=== Problem ===
Copy out exactly the lines beginning with the one that contains "(PDF) Feed intake" and ending at the last line of the listing, skipping any pictures.

=== Data segment ===

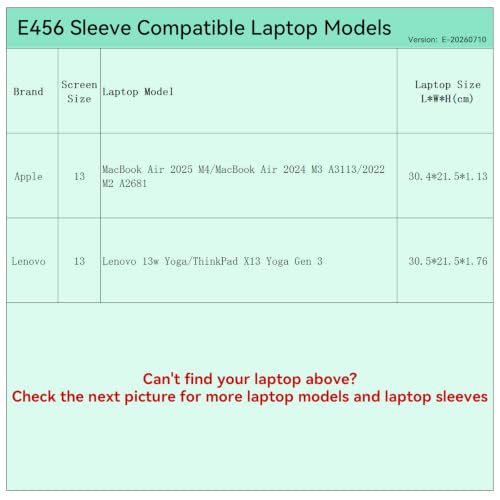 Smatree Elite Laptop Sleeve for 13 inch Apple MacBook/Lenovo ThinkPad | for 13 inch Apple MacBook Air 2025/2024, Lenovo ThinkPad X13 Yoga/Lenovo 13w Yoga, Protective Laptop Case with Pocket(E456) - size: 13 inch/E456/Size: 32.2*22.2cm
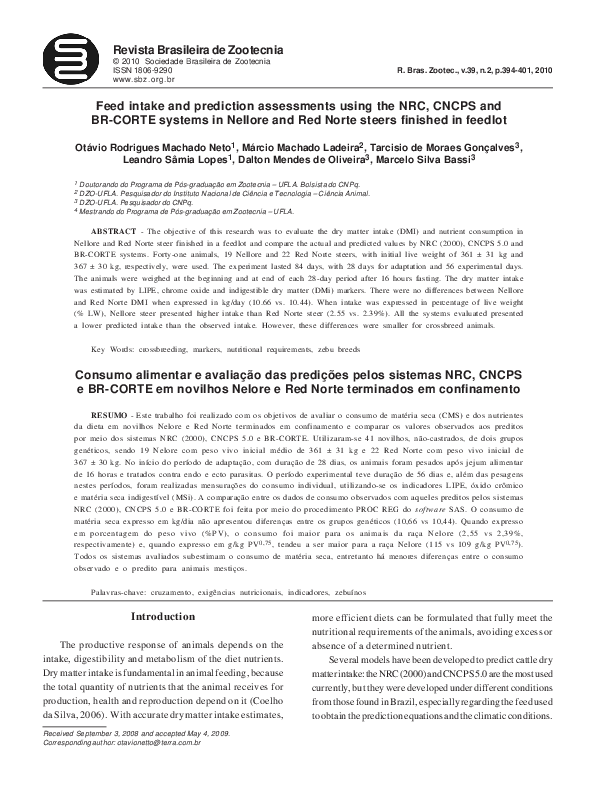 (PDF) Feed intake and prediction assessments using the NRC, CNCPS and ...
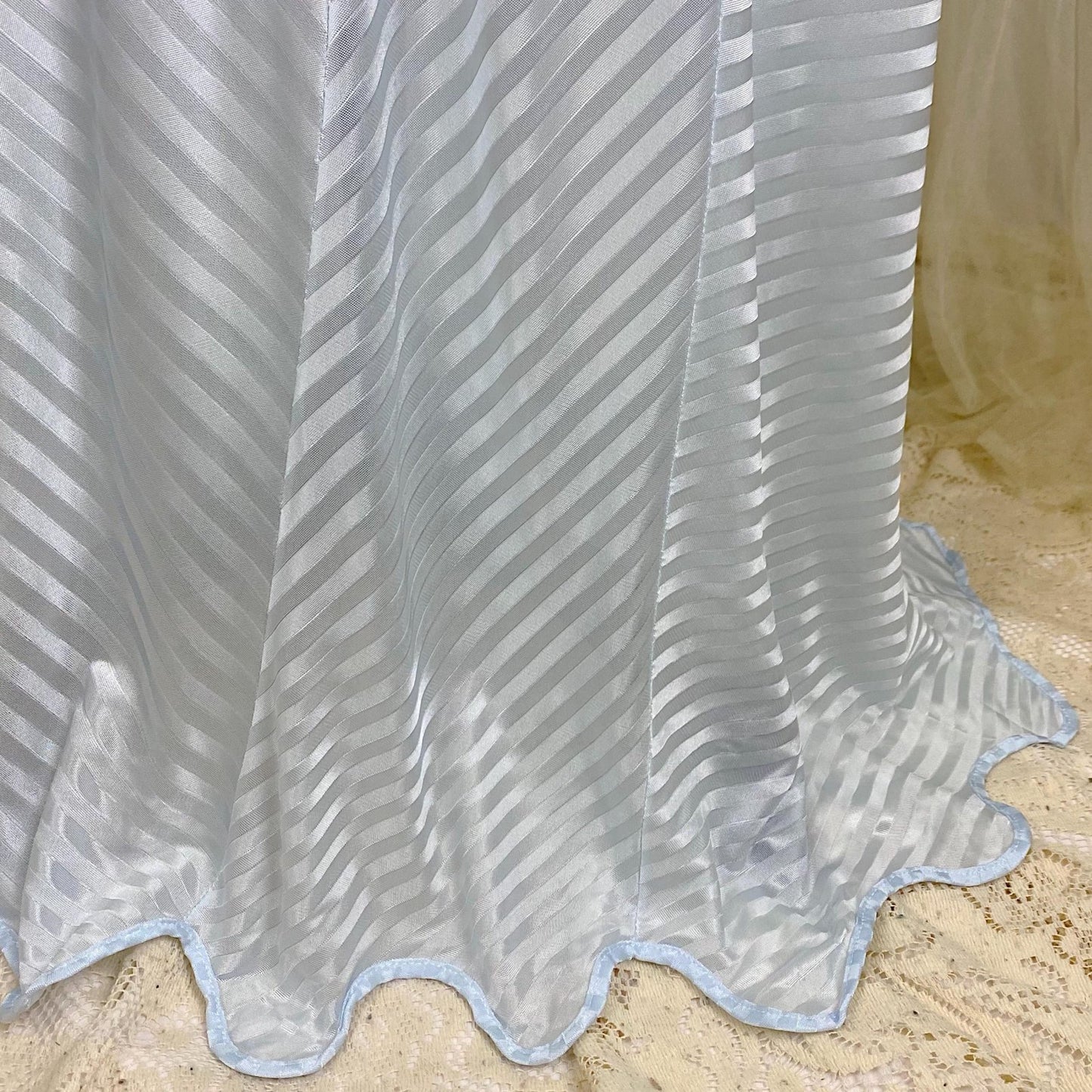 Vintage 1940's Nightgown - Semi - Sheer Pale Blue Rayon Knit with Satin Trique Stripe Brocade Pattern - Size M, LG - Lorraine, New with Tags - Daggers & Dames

=== Result of this task ===
 (PDF) Feed intake and prediction assessments using the NRC, CNCPS and ...
 Vintage 1940's Nightgown - Semi - Sheer Pale Blue Rayon Knit with Satin Trique Stripe Brocade Pattern - Size M, LG - Lorraine, New with Tags - Daggers & Dames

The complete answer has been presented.